That same month the then Communities Secretary Ruth Kelly announced on behalf of the Labour Government that there would be a "fundamental rebalancing of our relations with Muslim organisations", which involved sidelining the Muslim Council of Britain with its 500 affiliates in favour of an obscure outfit called the Sufi Muslim Council that barely had five members. In 2009 Kelly's successor Hazel Blears took the opportunity to break relations with the MCB entirely, on the basis of an accusation that one of its leading figures, Daud Abdullah, had signed a document "advocating attacks on Jewish communities all around the world" – an accusation that was completely untrue.

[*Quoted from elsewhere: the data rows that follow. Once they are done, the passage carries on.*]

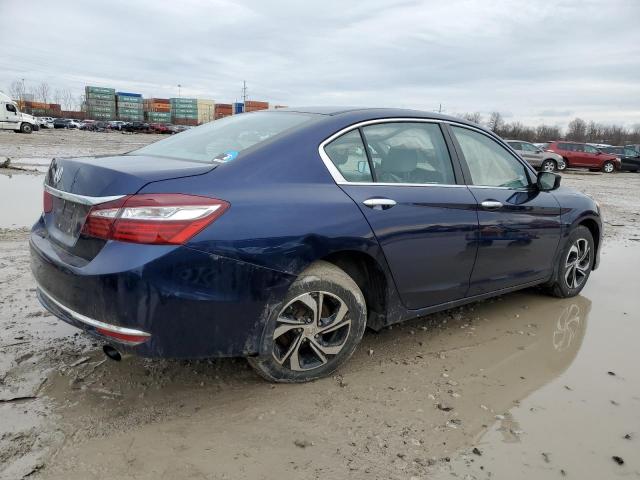 Photo 2 VIN: 1HGCR2F3XHA246576 - HONDA ACCORD LX 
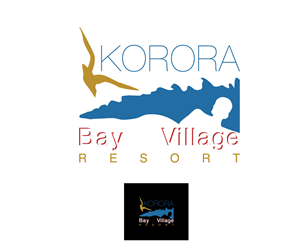 Logo Design by  Olja Anbruton Design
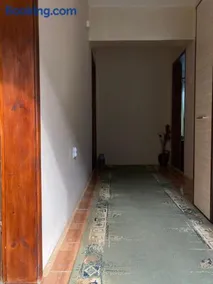 apartman Mara - Image 2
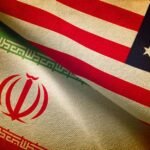 Insider US Peace Move Gives Iran Crisis New Hope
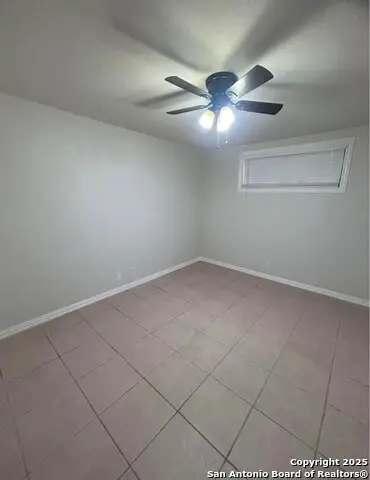 5922 Hidden Glade, San Antonio, TX 78250 - Image #2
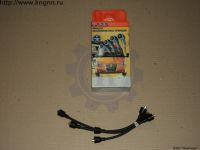 Провода в/в ЗМЗ-406 SLON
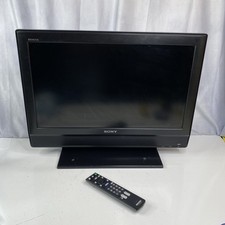 tv 26 sony for sale tv 26 sony for sale Lancaster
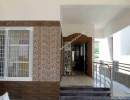3 BHK Independent House for Sale in Ganapathy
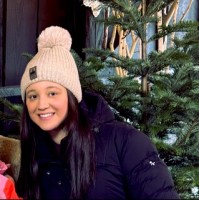 Alycia Thompson Email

The severing of links between the Labour Government and the MCB was partly due to the latter's refusal to remain silent about the role of British foreign policy in enabling advocates of violent extremism to get a hearing among disaffected Muslim youth. The Sufi Muslim Council by contrast was viewed favourably because it placed the blame on Islamist ideology and let the Government off the hook. (The same reasoning lay behind the decision to funnel large sums of public money into another divisive and unrepresentative organisation, the Quilliam Foundation.)

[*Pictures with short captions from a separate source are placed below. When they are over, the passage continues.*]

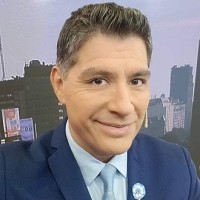 Guillermo Lobo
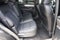 2026 Mazda Mazda CX-70 3.3 Turbo Preferred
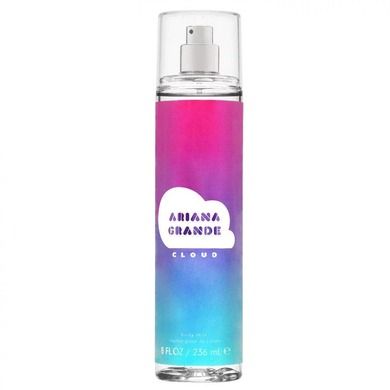 Ariana Grande, Cloud, mgiełka do ciała, 236 ml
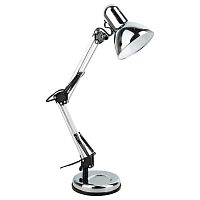 настольная лампа arte lamp junior a1330lt-1cc в Смоленске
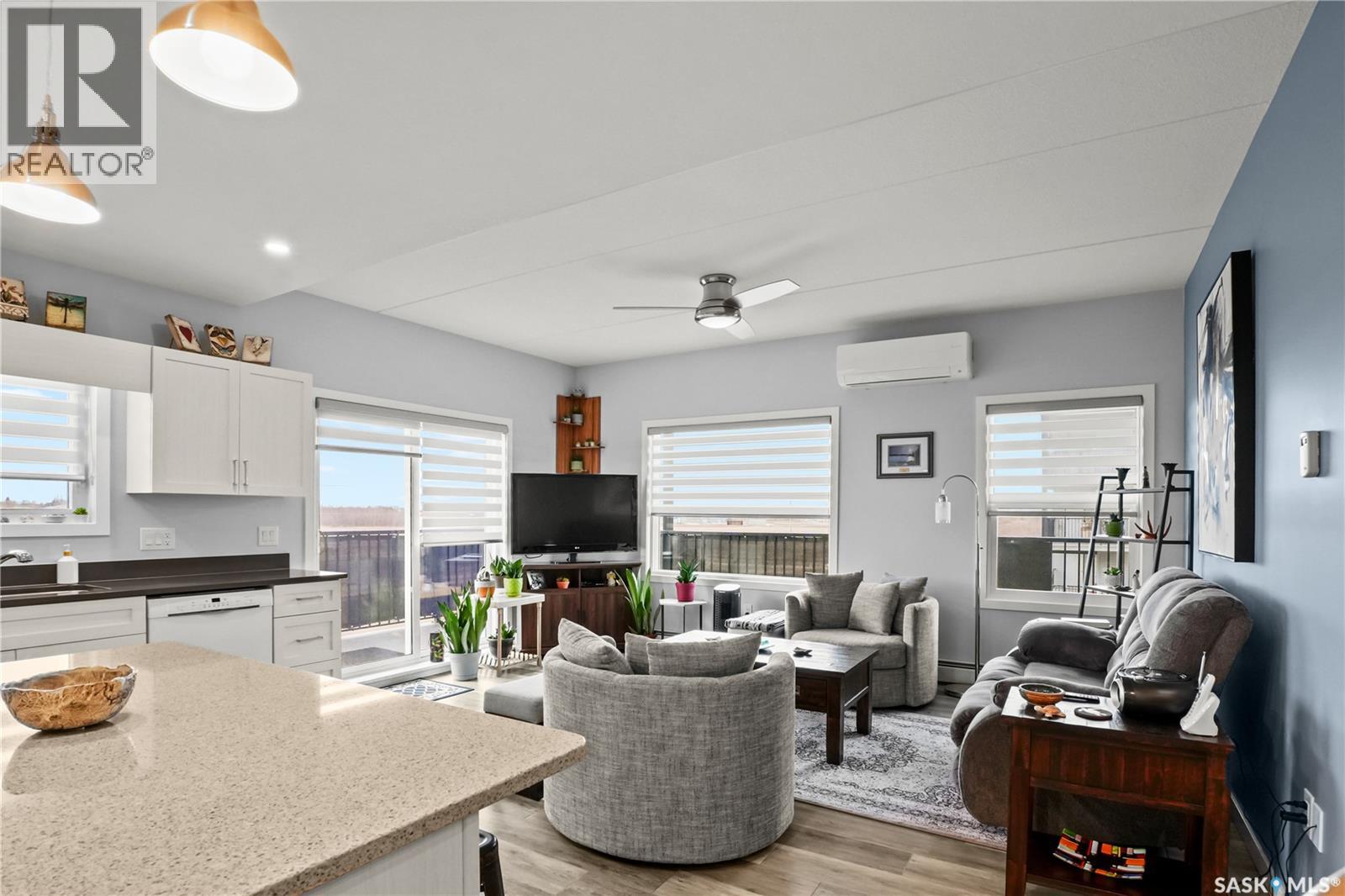 304 131 Beaudry Crescent, Martensville, Saskatchewan  S0K 2T1 - Photo 11 - SK033953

In repudiating the country's largest Muslim organisation the Labour leadership was also succumbing to pressure from an anti-MCB campaign conducted by John Ware in his 2005 Panorama documentary A Question of Leadership and Martin Bright in his 2006 Policy Exchange pamphlet When Progressives Treat with Reactionaries: The British State's flirtation with radical Islamism, both of which portrayed the MCB as a nest of Islamist extremists.
Last year we saw a similar capitulation by the party leadership to an anti-Islamist witch-hunt when the NEC blocked Lutfur Rahman from standing as Labour's mayoral candidate in Tower Hamlets. The decision followed a campaign by Telegraph journalist Andrew Gilligan to expose Lutfur as an ally of "Islamic fundamentalists" at the East London Mosque who had supposedly infiltrated the Labour Party as part of a plot to transform Tower Hamlets into an Islamic state. The people of Tower Hamlets delivered their verdict on the NEC's acceptance of Gilligan's paranoid fantasies by electing Lutfur as an independent mayor with a massive majority.

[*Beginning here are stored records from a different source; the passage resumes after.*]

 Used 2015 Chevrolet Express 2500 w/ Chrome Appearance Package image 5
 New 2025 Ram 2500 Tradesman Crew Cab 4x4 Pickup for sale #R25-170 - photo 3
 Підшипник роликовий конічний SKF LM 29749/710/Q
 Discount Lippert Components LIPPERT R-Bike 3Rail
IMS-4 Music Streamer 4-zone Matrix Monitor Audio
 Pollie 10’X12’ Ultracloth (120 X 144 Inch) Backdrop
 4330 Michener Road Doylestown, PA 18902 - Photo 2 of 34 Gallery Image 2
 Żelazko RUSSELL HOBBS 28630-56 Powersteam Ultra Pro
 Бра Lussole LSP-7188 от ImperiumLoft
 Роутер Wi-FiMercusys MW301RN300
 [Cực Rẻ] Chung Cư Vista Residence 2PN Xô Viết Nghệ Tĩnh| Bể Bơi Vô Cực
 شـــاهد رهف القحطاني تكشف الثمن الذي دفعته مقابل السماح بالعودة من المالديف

In the interests of balance, it should be added that the Labour leadership's record on Islamophobia has not been all bad. To its credit, the last Government did introduce the religious hatred bill in an attempt to provide Muslims and other multi-ethnic faith communities with the same legal protection as Jews and Sikhs (who are defined as mono-ethnic and covered by the law against incitement to racial hatred) – only to see the legislation sabotaged by an amendment drawn up by Lib Dem peer Lord Lester.
However, it is prominent figures on the Labour left who have set an example to the rest of the Party in taking a firm and principled stand against the upsurge in anti-Muslim bigotry. Jeremy Corbyn, for example, has established warm relations with the North London Central Mosque in Finsbury Park since Abu Hamza and his gang were ousted in 2005 and has rejected attempts by the likes of Gilligan and the Quilliam Foundation to smear the present management as dangerous extremists.
During his eight years as Mayor of London, Ken Livingstone worked closely with organisations like the MCB and the British Muslim Initiative in defending the capital's Muslim communities and he was uncompromising in his refusal to bend to the forces of Islamophobia, notably in resisting the hysterical attacks that followed the welcome he gave to Yusuf al-Qaradawi during his visit to London in 2004. The struggle to get the Labour Party to purge itself of Islamophobia and adopt a more sensitive approach towards representative Muslim organisations will be greatly strengthened if Ken is returned to City Hall in 2012.